I am trying assignments of my complex analysis course which will not be discussed and I got struck on this question:
Let D be the open unit disc centred at origin and $f : D \to \mathbb{C}$ be an analytic function. Let f=u+iv . If f(z)=$\sum_{n=0}^{\infty} a_n z^n $ is the power series of f and for any closed curve p in D , $\int_{p} \frac{ f(z) dz}{(z-a)^2} =0 $ for all a in D with $|a|\geq 1/2$ then f must be constant.
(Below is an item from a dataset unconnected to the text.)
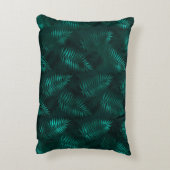 ティール(緑がかった色)と金ゴールドレオパード系デザイン14 アクセントクッション (裏面(縦))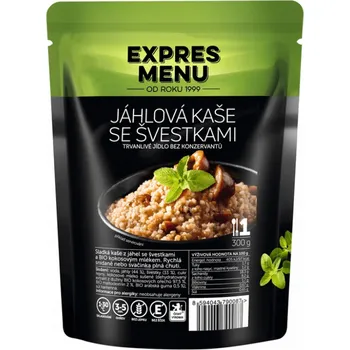 Hotové jídlo EXPRES MENU Jáhlová kaše se švestkami 300 g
Cauchy theorem implies that $a_{1}=0$ for any defined power series with a as centre such that $|a|\geq 1/2$. But I don't have any reason to believe that f is constant and so I am unable to understand which result I should use.
Kindly help me to prove the deduction.
It is my first course in complex analysis.
Observe that Cauchy's formula gives for all $|z| \geq 1/2$
$$f'(z) = \frac{1}{2\pi i} \int_{p} \frac{f(\zeta)}{(\zeta-z)^2} d\zeta=0,$$
which shows that $f$ is constant in the annulus $1/2 < |z| < 1$.
Now, you can use the maximum modulus principle on $f'$ for the disc $|z| < 1/2$. Since $f'$ is itself analytic, it achieves its maximum at the boundry of this disc, which we have shown to be 0. Thus, $f'(z)=0$ for all $z \in D$, which shows that $f$ is constant.